Stored data.

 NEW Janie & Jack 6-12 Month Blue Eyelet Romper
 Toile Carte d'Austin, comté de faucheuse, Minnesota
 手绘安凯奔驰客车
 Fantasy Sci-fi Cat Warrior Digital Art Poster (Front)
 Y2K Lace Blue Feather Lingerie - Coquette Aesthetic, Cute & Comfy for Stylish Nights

...

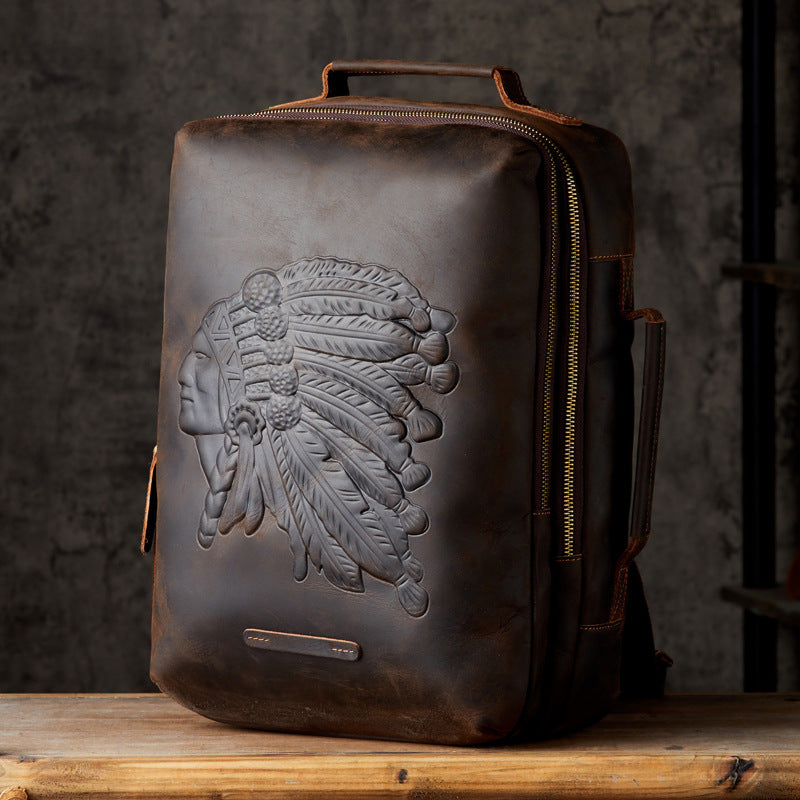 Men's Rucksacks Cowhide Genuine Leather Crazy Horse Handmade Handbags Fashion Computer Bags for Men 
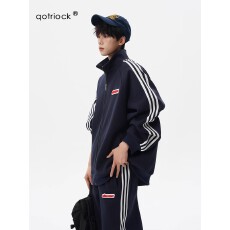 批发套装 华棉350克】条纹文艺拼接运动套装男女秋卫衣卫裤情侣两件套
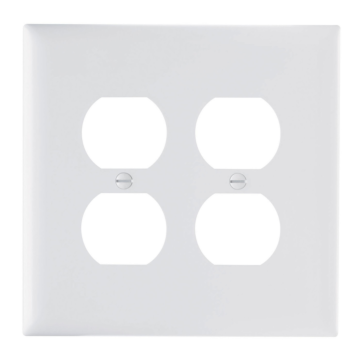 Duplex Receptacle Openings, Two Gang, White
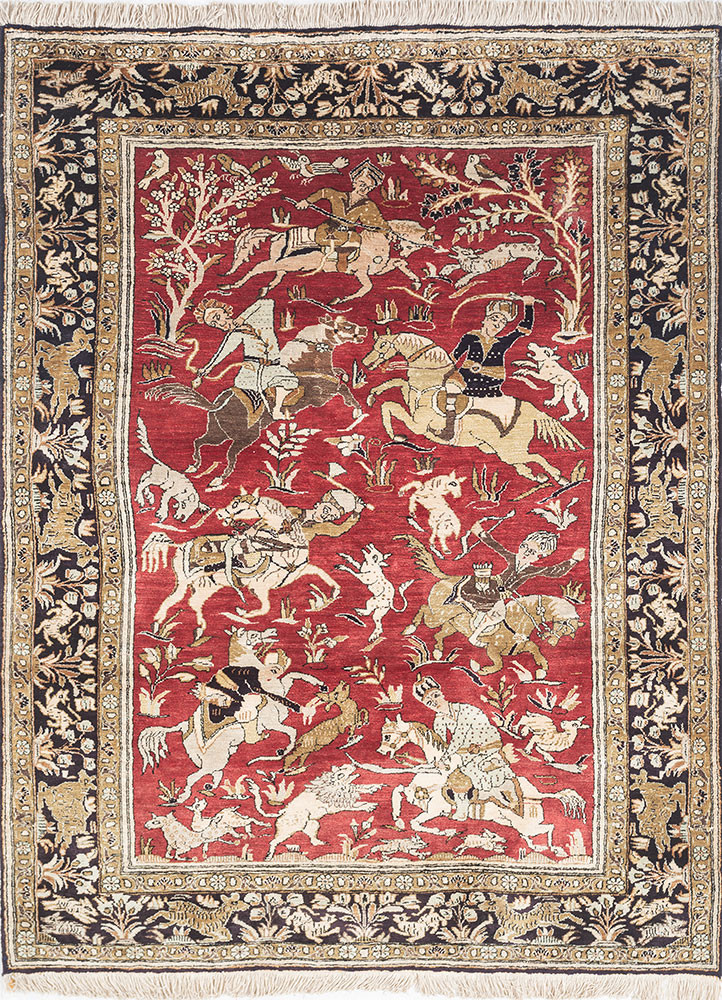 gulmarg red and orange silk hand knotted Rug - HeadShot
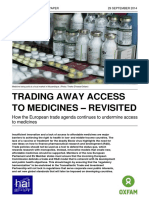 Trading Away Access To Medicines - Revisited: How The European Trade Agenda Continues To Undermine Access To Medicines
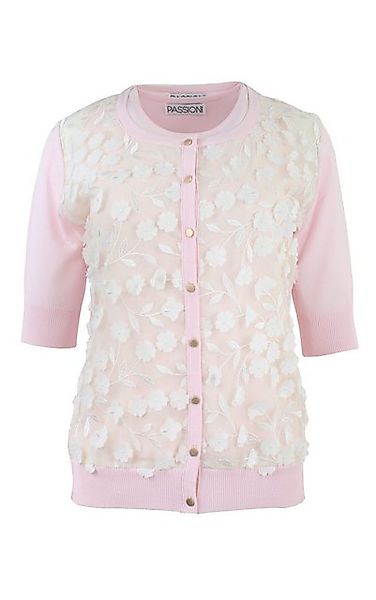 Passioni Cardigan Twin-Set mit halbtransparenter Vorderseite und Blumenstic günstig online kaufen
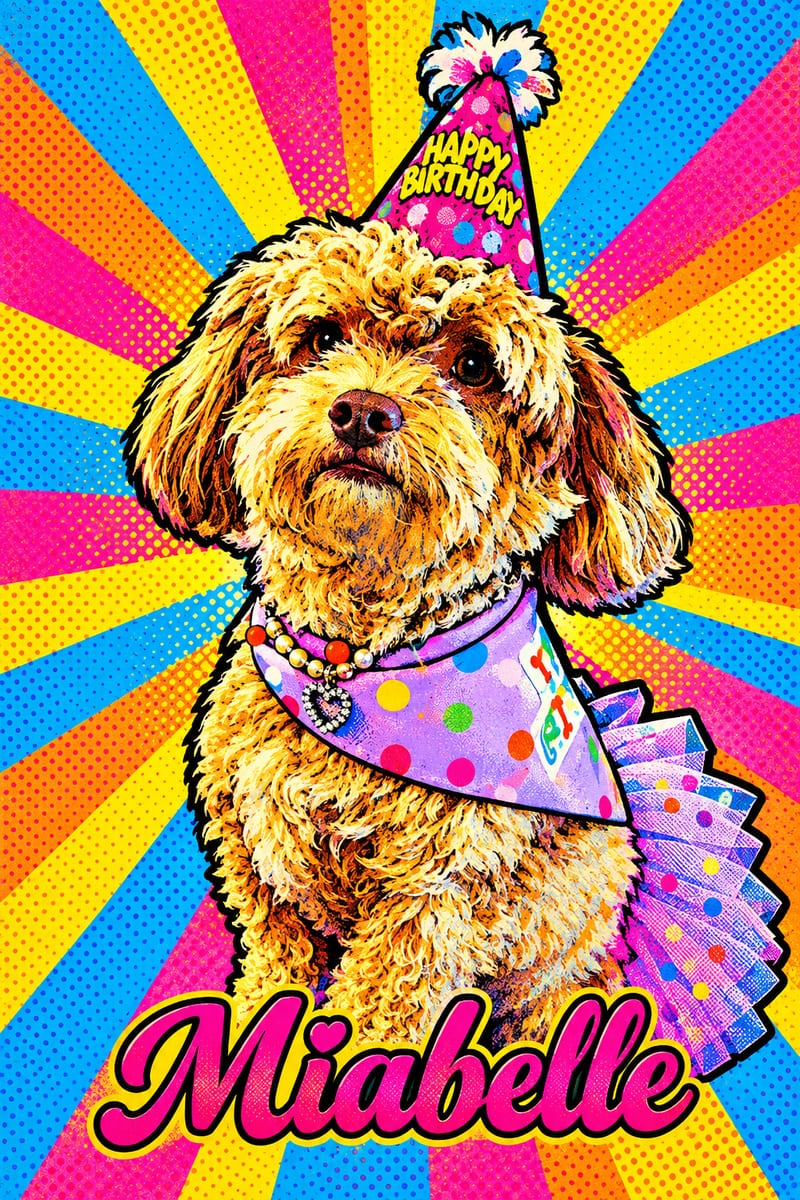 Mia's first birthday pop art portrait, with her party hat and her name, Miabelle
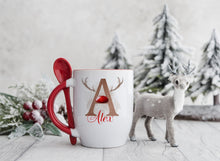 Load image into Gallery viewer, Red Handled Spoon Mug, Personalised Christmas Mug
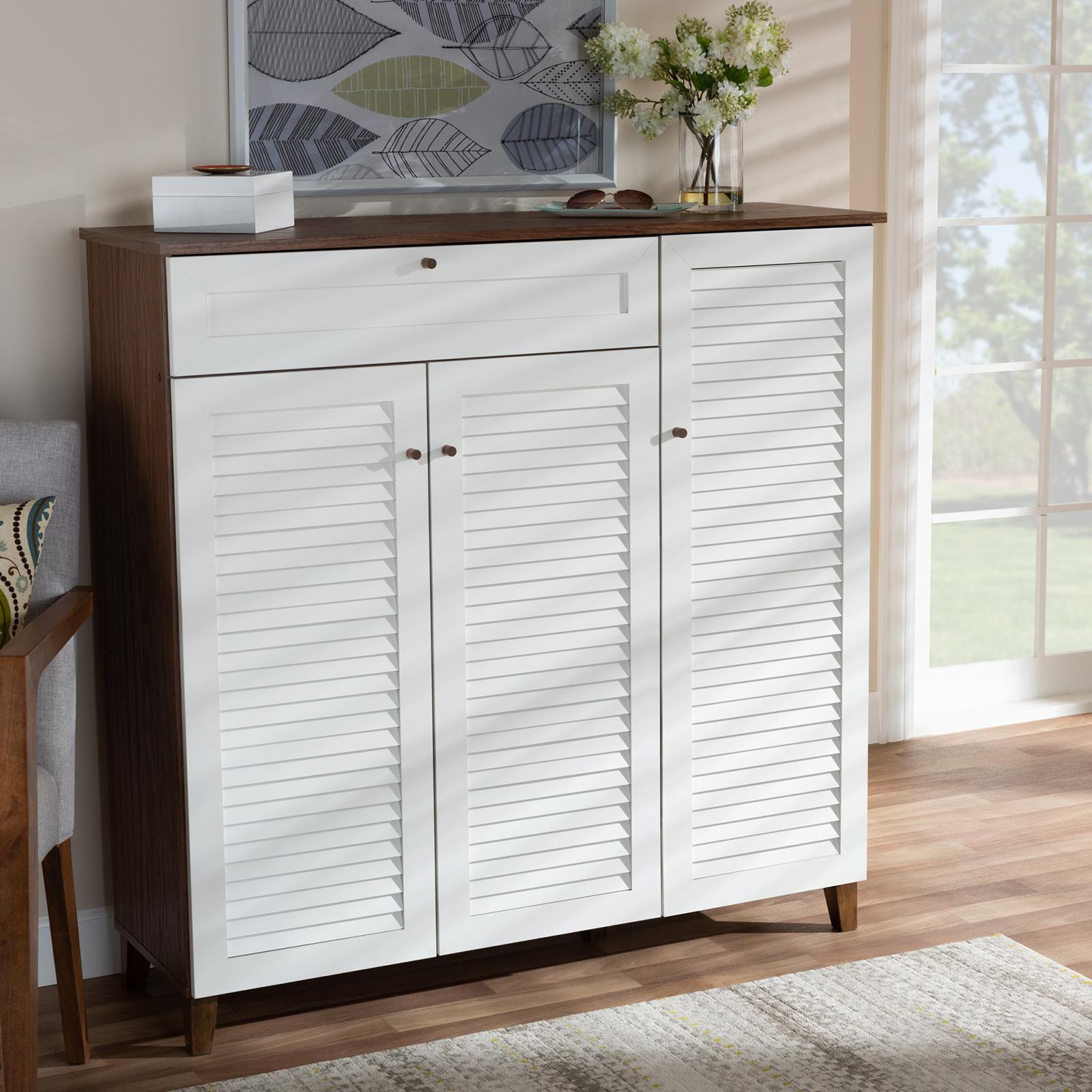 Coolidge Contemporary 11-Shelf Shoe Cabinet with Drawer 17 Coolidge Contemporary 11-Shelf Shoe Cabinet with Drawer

---

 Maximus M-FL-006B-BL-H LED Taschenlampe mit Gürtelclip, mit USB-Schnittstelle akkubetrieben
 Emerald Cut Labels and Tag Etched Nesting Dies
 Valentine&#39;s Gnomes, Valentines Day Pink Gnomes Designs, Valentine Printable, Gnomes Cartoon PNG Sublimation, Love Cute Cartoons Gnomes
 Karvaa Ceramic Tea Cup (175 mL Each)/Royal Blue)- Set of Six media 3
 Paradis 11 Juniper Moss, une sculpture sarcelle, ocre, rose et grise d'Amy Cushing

What you have to do. Within the listing above, write out the stretch from the line with "Duplex Receptacle Openings, Two Gang, White" through the line with "Load image into" exactly. Any pictures are to be left out.

Answer to the problem.
 Duplex Receptacle Openings, Two Gang, White
 gulmarg red and orange silk hand knotted Rug - HeadShot
 Trading Away Access To Medicines - Revisited: How The European Trade Agenda Continues To Undermine Access To Medicines
 Passioni Cardigan Twin-Set mit halbtransparenter Vorderseite und Blumenstic günstig online kaufen
 Mia's first birthday pop art portrait, with her party hat and her name, Miabelle
 Load image into Gallery viewer, Red Handled Spoon Mug, Personalised Christmas Mug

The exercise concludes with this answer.